Чернушин оскалился, как дворовый пес, и даже волосы у него на затылке встали дыбом, довершая полное сходство с четвероногим королем подворотен.
– Это моя жена сказала именно так вложить деньги. Ей ее мама посоветовала.
Герман просто присел от изумления, граничащего с брезгливостью, и всплеснул руками:
– Да ты совсем, что ли, тупица?! Деньги чьи?! А?
– Как понять «чьи»?
– Деньги в дом ты принес?!
– Ну я…
– Значит, они чьи?
– Эээ…
– Значит, они твои! И жена тебе не может «сказать», что с ними делать, а может посоветовать!
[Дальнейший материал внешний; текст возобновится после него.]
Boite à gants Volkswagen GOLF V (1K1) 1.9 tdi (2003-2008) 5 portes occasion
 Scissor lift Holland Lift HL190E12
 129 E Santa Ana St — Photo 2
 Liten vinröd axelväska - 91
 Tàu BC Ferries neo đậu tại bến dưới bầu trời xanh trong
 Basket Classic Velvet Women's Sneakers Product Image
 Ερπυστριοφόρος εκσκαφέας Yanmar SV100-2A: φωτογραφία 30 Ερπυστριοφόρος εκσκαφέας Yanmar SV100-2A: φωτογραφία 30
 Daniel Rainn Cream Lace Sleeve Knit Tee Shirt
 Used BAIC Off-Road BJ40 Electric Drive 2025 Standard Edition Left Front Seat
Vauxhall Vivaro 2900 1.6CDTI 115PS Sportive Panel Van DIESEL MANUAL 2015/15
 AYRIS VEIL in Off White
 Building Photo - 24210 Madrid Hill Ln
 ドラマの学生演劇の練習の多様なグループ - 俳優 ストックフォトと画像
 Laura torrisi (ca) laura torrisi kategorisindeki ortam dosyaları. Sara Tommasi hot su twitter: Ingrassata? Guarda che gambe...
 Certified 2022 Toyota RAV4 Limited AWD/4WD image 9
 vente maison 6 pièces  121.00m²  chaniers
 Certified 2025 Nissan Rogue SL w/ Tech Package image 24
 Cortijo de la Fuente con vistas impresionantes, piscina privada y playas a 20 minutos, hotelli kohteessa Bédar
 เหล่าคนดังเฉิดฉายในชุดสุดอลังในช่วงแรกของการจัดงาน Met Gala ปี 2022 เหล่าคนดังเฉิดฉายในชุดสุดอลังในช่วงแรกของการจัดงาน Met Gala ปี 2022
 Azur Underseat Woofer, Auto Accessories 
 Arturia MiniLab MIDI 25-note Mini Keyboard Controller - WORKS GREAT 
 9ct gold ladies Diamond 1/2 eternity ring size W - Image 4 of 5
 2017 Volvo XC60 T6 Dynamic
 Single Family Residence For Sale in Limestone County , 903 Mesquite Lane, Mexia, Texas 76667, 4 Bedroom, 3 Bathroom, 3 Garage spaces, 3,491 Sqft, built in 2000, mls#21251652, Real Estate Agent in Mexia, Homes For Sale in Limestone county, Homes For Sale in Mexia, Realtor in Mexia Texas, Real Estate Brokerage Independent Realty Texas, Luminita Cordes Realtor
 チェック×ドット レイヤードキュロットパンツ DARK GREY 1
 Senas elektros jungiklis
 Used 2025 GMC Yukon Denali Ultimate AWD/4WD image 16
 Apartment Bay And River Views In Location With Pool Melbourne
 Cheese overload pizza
Чернушин потер лоб, он раздумывал над словами Геры. Потом, видимо, придя к несокрушимому выводу, твердо ответил:
– Тогда это будет не семья. Вот от вас жена с детьми почему ушла?
Герман понял, что разговор переходит в нежелательную для него плоскость, рубанул рукой по воздуху:
– Это не тема для разговора.
– Тогда и вы в мои семейные дела не лезьте…
Они немного помолчали, остывая от жаркого спора. Герман почувствовал, что своей проповедью он закончил наживать себе в лице Чернушина тайного врага. Немного помедлив, он примирительно произнес:
– Ладно… мы с тобой компаньоны. Негоже компаньонам из-за денег лаяться. В долг я никогда не даю – это мой жизненный принцип. Будем ждать, когда подует ветер и колбаса упадет к нашим ногам. Думаю, что это произойдет скоро.